▸ TASK:
The data below should be restated word for word, with every picture omitted.

▸ SUPPLIED MATERIAL:
'''

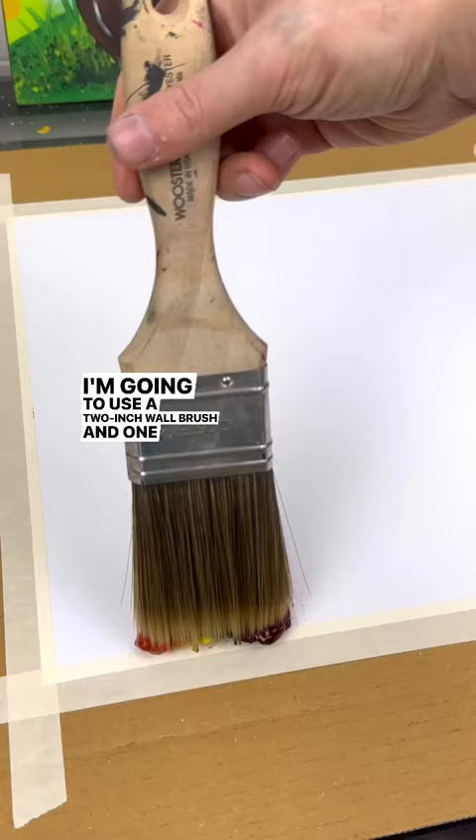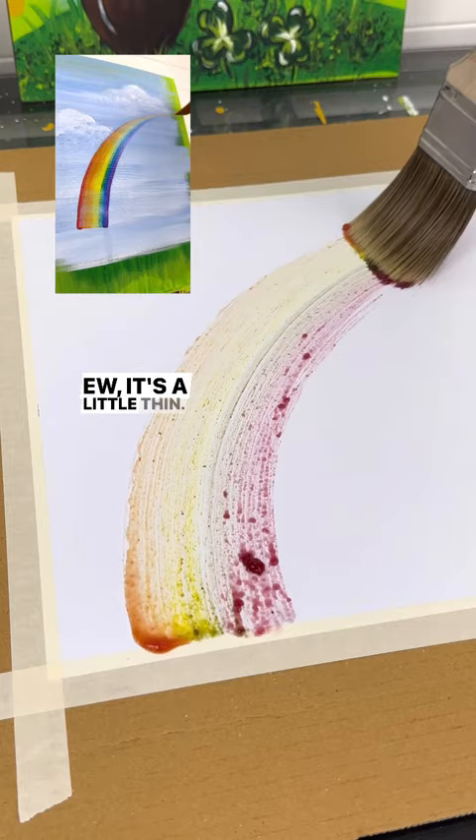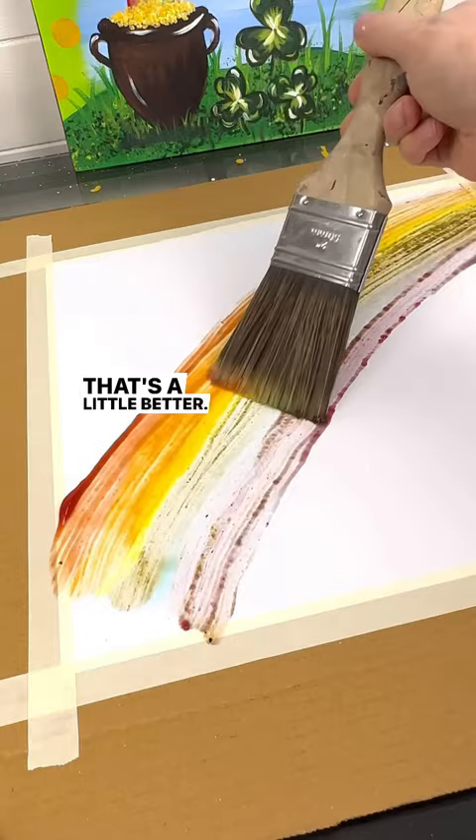And one stroke. Ew, it's a little thin. We're going to put it on the paper and try that. That's a little better. We're getting there, maybe third time's a charm.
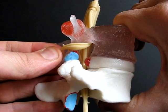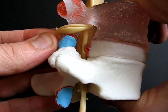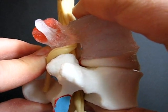I recommend extruding the nucleus 5-7mm and then allow it to retract back into position. Dynamic disc bulging can also be demonstrated with more neutral loading.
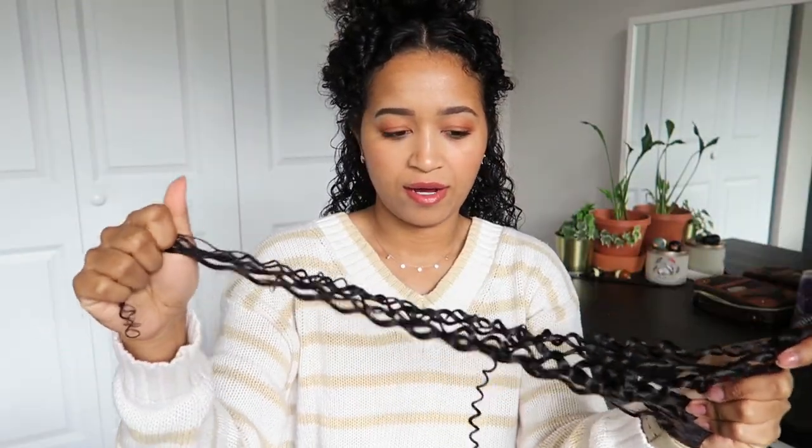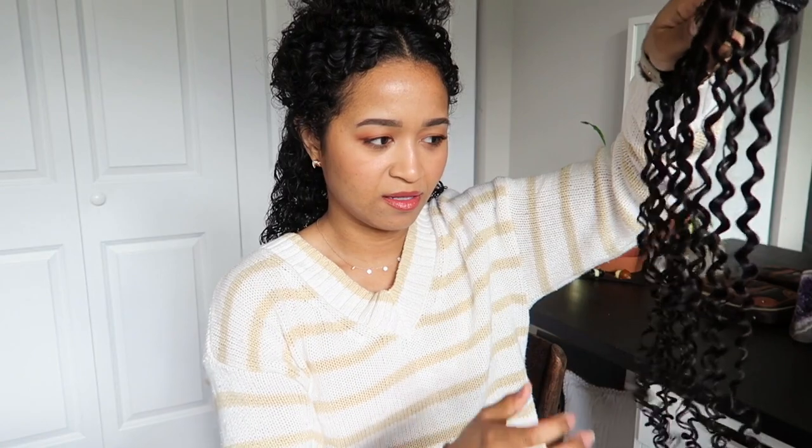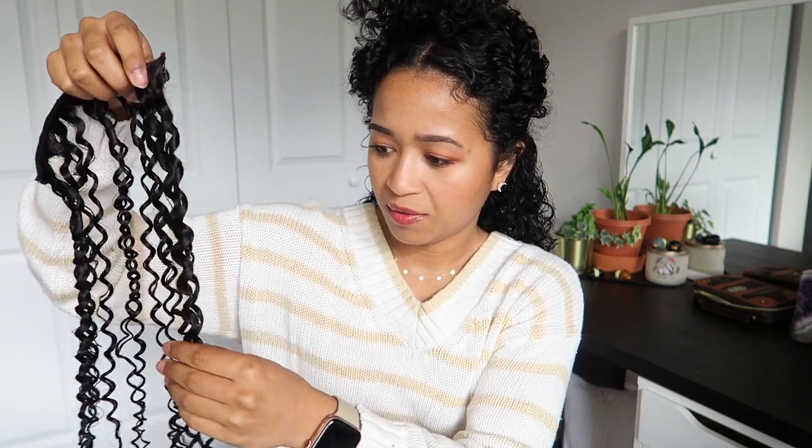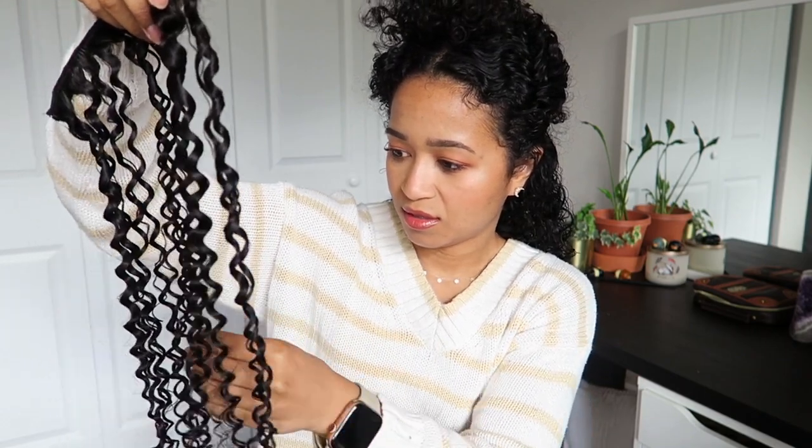Sectioning curly hair for extensions is not easy — I'm going to have to style as I go because it's just poofing up when I try to separate my hair. I'm going to get some product, wet my hair, and add some in because I think that's the only way it'll work out. I'm tugging on the hair a little bit to make the curls less clumped together, but my hair doesn't actually do that, and separating the curls just doesn't work out very well — it just gets a little frizzy.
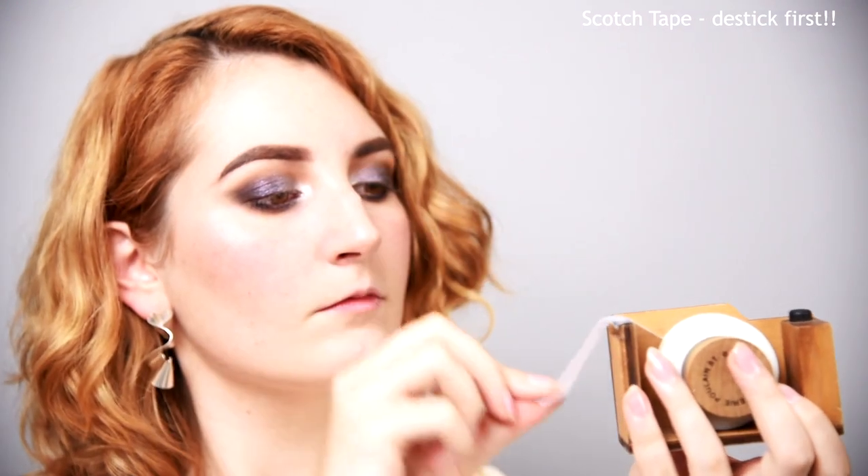Now that the shadows are done, you may have some fallout to clean up. Just take a little scotch tape, stick it on your clothes to dull it down, then gently place it over any fallout and pat. Remove and marvel at no more fallout and an untouched base. Let's go back in with our black liner and tightline the upper lashes — this will tidy up our smokey eye and make our lashes appear fuller. Our eyes are so shimmery, so let's pop a bright highlight on our brow bone to balance it all out.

'''

▸ SOLVED EXERCISE:
And one stroke. Ew, it's a little thin. We're going to put it on the paper and try that. That's a little better. We're getting there, maybe third time's a charm.
I recommend extruding the nucleus 5-7mm and then allow it to retract back into position. Dynamic disc bulging can also be demonstrated with more neutral loading.
Sectioning curly hair for extensions is not easy — I'm going to have to style as I go because it's just poofing up when I try to separate my hair. I'm going to get some product, wet my hair, and add some in because I think that's the only way it'll work out. I'm tugging on the hair a little bit to make the curls less clumped together, but my hair doesn't actually do that, and separating the curls just doesn't work out very well — it just gets a little frizzy.
Now that the shadows are done, you may have some fallout to clean up. Just take a little scotch tape, stick it on your clothes to dull it down, then gently place it over any fallout and pat. Remove and marvel at no more fallout and an untouched base. Let's go back in with our black liner and tightline the upper lashes — this will tidy up our smokey eye and make our lashes appear fuller. Our eyes are so shimmery, so let's pop a bright highlight on our brow bone to balance it all out.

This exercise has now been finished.